■ DIRECTIONS FOR THIS TASK
Copy out the entries that follow exactly, leaving every picture behind.

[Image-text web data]

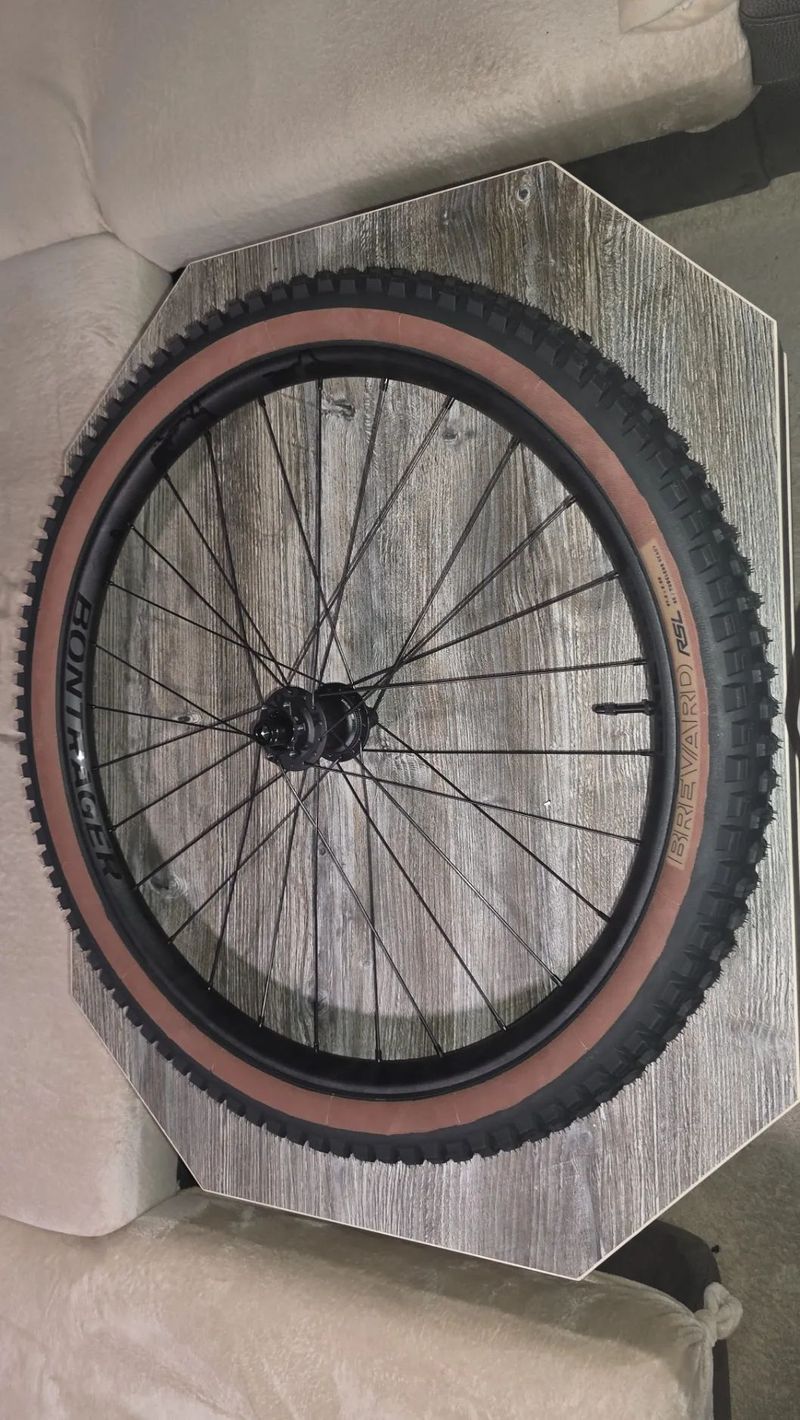 Kola Bontrager Line Comp 30 (ořech XD)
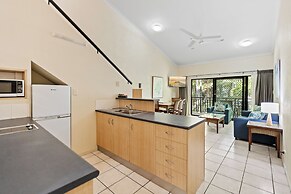 Trinity Beach Club Holiday Apartments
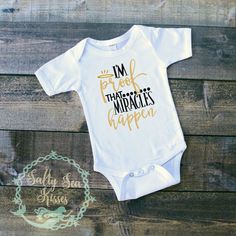 I'm Proof that Miracles happen- Baby Bodysuit- Baby Miracel Shirt- NICU Baby- Premie Baby by SaltySeaKisses on Etsy Premie Baby Clothes, Baby Mermaid Outfit, Premie Baby, Funny Baby Shirts, Baby Boy Easter, Mermaid Baby, Fashionable Baby Clothes, Preemie Babies, Baby Mermaid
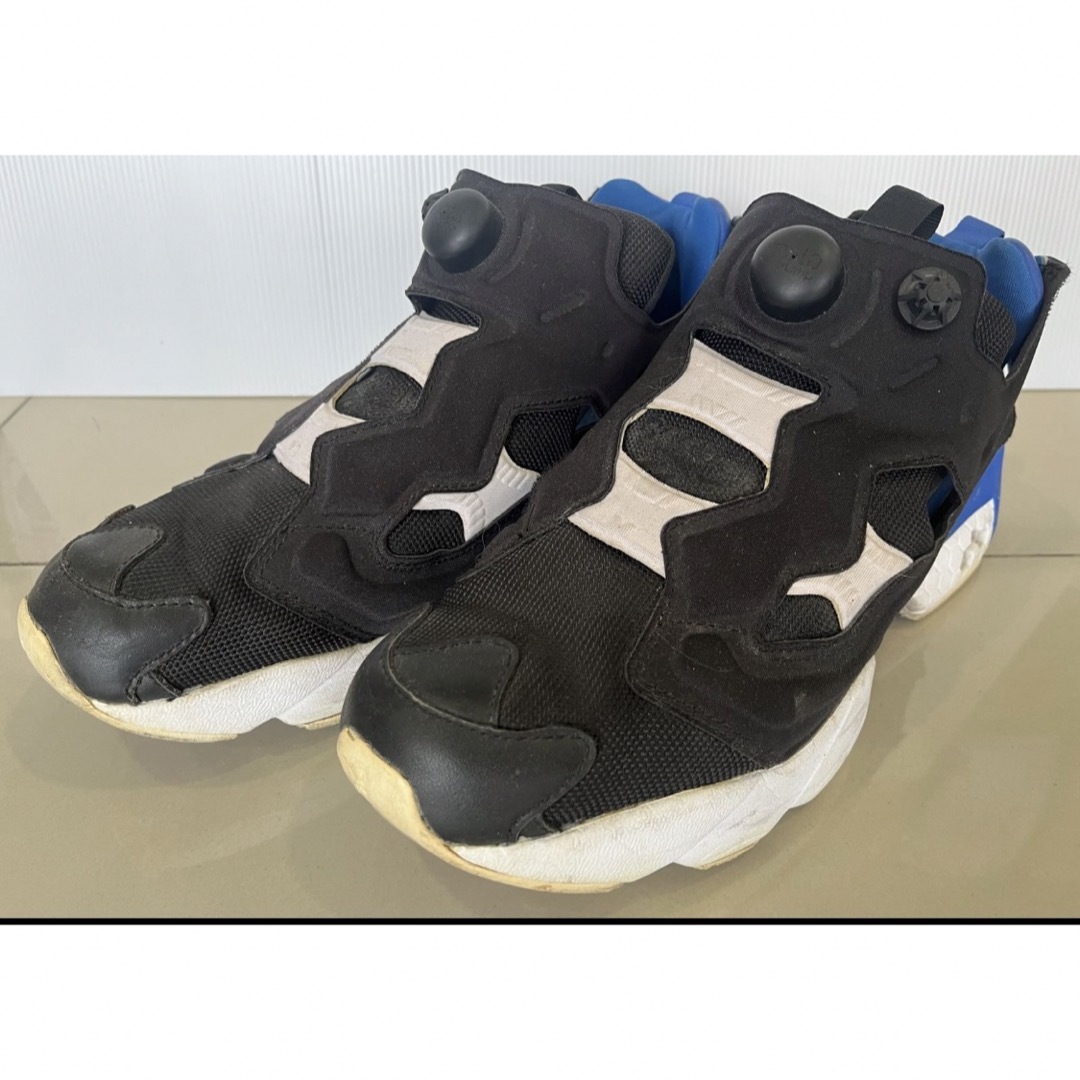 Reebok(リーボック)のリーボック/インスタ/ポンプフューリー/27cm/BS9139/青黒白/送料無料 メンズの靴/シューズ(スニーカー)の商品写真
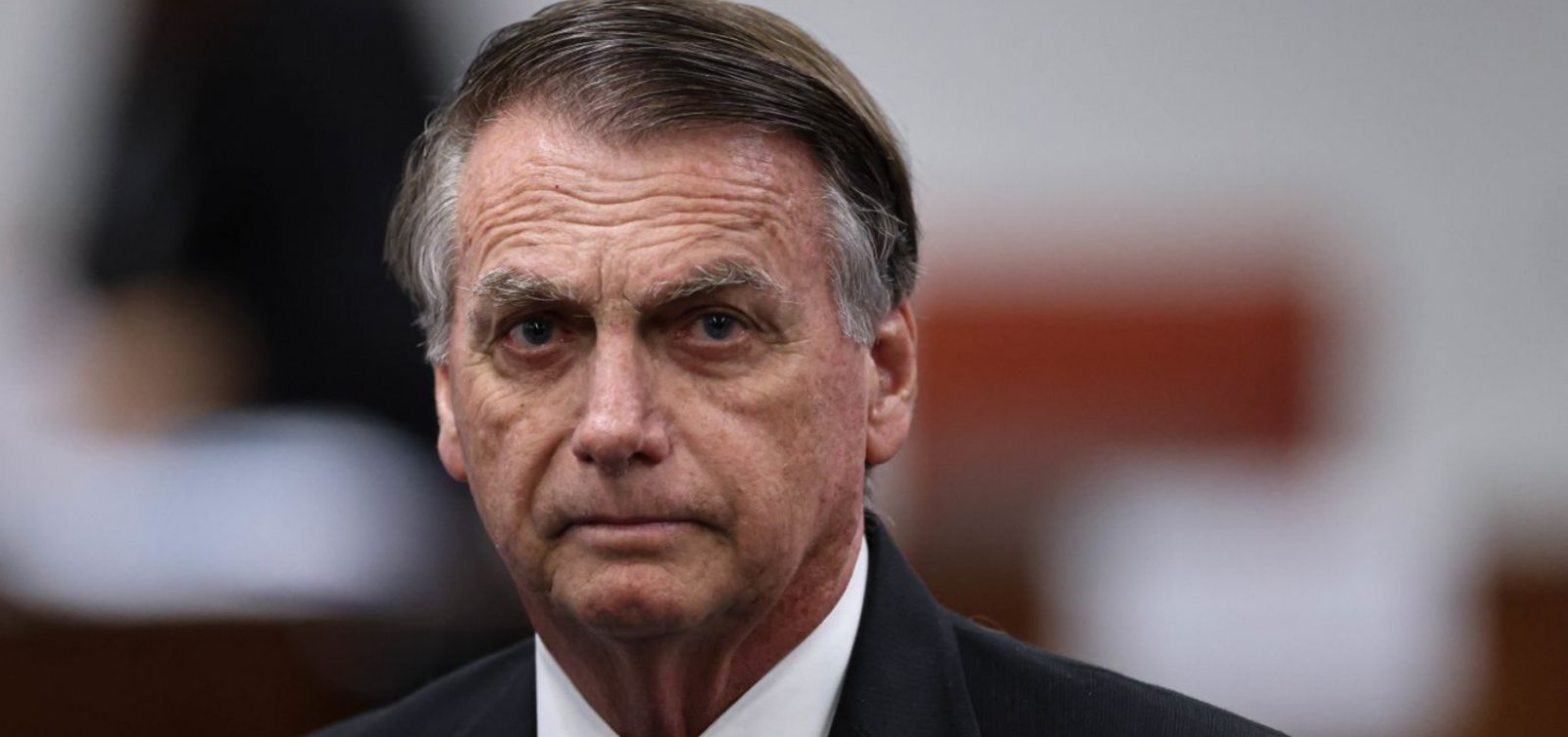 Bolsonaro passa por cirurgia no ombro sem complicações e segue em observação em Brasília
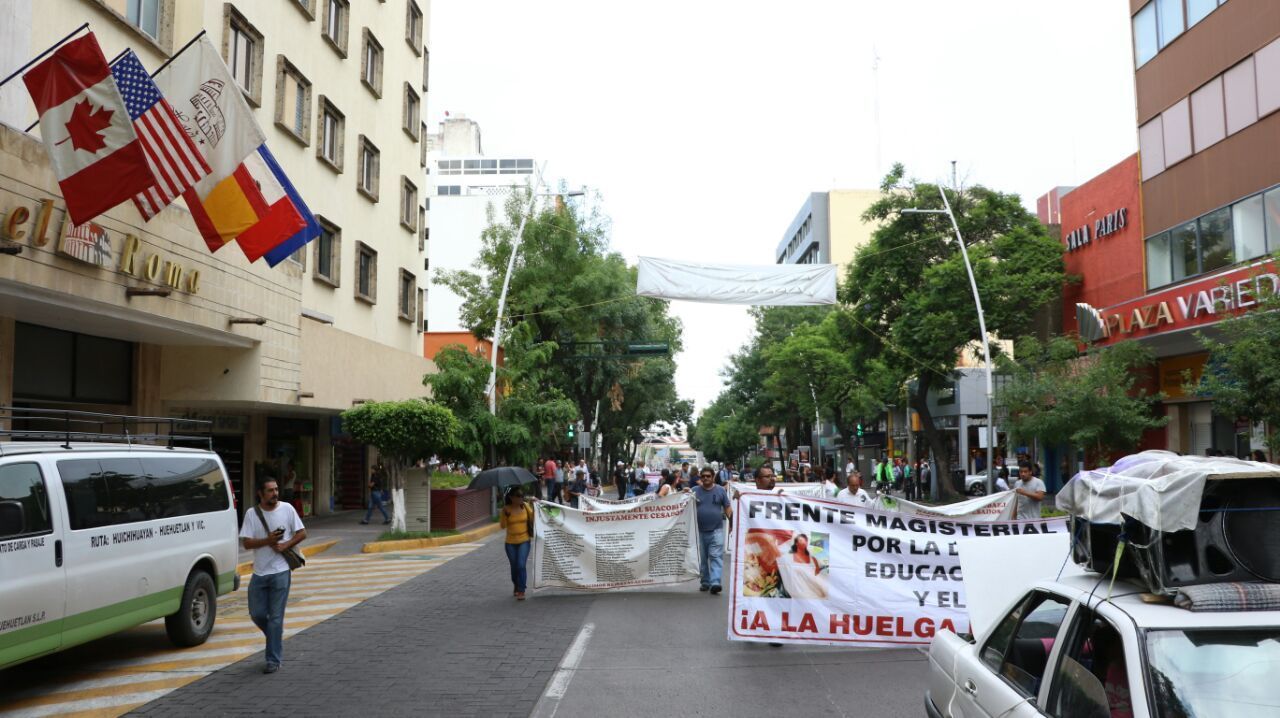 Marcha Cucsh apoyo a maestros 220616 04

■ OUTPUT OF THE EXERCISE
 Kola Bontrager Line Comp 30 (ořech XD)
 Trinity Beach Club Holiday Apartments
 I'm Proof that Miracles happen- Baby Bodysuit- Baby Miracel Shirt- NICU Baby- Premie Baby by SaltySeaKisses on Etsy Premie Baby Clothes, Baby Mermaid Outfit, Premie Baby, Funny Baby Shirts, Baby Boy Easter, Mermaid Baby, Fashionable Baby Clothes, Preemie Babies, Baby Mermaid
 Reebok(リーボック)のリーボック/インスタ/ポンプフューリー/27cm/BS9139/青黒白/送料無料 メンズの靴/シューズ(スニーカー)の商品写真
 Bolsonaro passa por cirurgia no ombro sem complicações e segue em observação em Brasília
 Marcha Cucsh apoyo a maestros 220616 04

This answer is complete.